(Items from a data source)
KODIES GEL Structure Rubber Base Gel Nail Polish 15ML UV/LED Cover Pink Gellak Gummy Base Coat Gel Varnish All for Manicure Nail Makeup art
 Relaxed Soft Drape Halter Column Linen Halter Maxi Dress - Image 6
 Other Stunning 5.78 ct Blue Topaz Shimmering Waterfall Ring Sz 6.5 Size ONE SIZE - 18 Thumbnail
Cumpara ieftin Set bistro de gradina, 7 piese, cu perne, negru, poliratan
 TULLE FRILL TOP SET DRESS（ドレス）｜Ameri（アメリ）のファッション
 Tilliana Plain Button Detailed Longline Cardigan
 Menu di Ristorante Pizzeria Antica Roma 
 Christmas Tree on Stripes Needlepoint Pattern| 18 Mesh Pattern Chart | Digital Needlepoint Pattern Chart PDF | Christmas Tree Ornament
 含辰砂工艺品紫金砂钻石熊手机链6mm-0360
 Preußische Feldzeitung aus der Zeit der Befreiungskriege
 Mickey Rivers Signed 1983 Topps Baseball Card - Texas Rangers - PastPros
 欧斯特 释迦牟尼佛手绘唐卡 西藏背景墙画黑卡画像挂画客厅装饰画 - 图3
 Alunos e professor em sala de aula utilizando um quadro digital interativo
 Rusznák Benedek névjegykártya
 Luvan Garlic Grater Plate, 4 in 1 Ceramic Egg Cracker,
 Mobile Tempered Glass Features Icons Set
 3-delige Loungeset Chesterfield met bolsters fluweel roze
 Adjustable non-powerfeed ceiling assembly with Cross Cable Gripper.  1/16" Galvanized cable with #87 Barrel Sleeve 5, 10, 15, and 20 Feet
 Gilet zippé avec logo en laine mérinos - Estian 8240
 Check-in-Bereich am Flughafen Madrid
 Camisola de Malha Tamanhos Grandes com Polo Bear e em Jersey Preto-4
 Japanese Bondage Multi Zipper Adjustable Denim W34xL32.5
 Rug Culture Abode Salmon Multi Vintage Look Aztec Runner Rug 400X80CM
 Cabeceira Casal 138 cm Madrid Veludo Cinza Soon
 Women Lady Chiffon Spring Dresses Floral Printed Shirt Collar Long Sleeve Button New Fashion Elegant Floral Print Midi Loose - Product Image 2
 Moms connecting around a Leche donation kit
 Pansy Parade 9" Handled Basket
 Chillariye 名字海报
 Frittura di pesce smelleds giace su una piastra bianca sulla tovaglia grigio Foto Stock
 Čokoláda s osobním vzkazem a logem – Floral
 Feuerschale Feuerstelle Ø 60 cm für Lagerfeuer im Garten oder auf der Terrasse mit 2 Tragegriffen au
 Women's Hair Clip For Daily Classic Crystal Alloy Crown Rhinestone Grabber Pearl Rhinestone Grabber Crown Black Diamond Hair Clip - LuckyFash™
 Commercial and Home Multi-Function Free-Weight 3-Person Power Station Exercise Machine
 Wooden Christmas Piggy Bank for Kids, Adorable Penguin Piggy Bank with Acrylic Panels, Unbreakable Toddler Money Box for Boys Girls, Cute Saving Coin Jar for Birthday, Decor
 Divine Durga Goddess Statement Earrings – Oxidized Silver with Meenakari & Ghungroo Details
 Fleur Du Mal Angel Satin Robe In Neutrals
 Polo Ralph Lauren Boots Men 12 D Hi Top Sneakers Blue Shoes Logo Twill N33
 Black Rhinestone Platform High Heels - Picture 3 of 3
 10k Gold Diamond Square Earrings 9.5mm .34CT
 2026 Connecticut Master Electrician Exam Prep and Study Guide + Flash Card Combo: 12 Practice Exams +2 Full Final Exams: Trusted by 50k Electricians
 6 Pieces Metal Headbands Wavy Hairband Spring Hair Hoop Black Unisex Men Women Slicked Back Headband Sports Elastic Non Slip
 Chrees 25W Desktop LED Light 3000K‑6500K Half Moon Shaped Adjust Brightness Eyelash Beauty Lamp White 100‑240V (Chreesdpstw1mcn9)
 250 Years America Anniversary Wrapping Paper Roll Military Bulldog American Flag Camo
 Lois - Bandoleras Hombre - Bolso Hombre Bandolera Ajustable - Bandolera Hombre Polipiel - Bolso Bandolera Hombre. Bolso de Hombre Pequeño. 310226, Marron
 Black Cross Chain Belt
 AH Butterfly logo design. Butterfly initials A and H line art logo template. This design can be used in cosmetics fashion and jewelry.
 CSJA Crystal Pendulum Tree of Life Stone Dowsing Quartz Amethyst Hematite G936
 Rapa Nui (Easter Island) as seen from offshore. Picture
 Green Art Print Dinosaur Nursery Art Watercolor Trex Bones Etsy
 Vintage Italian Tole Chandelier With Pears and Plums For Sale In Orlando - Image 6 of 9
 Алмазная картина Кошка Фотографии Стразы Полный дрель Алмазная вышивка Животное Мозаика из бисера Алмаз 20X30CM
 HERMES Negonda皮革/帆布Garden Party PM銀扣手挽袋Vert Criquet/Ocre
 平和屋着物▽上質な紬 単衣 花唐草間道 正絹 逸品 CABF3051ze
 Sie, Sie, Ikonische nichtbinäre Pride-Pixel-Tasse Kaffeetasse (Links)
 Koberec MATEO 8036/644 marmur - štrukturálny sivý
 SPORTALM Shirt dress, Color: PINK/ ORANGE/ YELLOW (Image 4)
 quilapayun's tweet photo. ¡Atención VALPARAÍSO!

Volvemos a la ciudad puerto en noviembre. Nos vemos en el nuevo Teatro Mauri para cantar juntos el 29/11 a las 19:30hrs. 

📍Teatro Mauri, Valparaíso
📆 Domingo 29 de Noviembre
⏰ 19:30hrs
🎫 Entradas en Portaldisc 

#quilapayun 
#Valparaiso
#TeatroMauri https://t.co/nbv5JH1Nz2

| WHAT YOU SHOULD DO |
Output exactly the lines from the one containing "Vintage Italian Tole" through the last line of the entries, both ends included.

| OUTPUT OF THE EXERCISE |
 Vintage Italian Tole Chandelier With Pears and Plums For Sale In Orlando - Image 6 of 9
 Алмазная картина Кошка Фотографии Стразы Полный дрель Алмазная вышивка Животное Мозаика из бисера Алмаз 20X30CM
 HERMES Negonda皮革/帆布Garden Party PM銀扣手挽袋Vert Criquet/Ocre
 平和屋着物▽上質な紬 単衣 花唐草間道 正絹 逸品 CABF3051ze
 Sie, Sie, Ikonische nichtbinäre Pride-Pixel-Tasse Kaffeetasse (Links)
 Koberec MATEO 8036/644 marmur - štrukturálny sivý
 SPORTALM Shirt dress, Color: PINK/ ORANGE/ YELLOW (Image 4)
 quilapayun's tweet photo. ¡Atención VALPARAÍSO!

Volvemos a la ciudad puerto en noviembre. Nos vemos en el nuevo Teatro Mauri para cantar juntos el 29/11 a las 19:30hrs. 

📍Teatro Mauri, Valparaíso
📆 Domingo 29 de Noviembre
⏰ 19:30hrs
🎫 Entradas en Portaldisc 

#quilapayun 
#Valparaiso
#TeatroMauri https://t.co/nbv5JH1Nz2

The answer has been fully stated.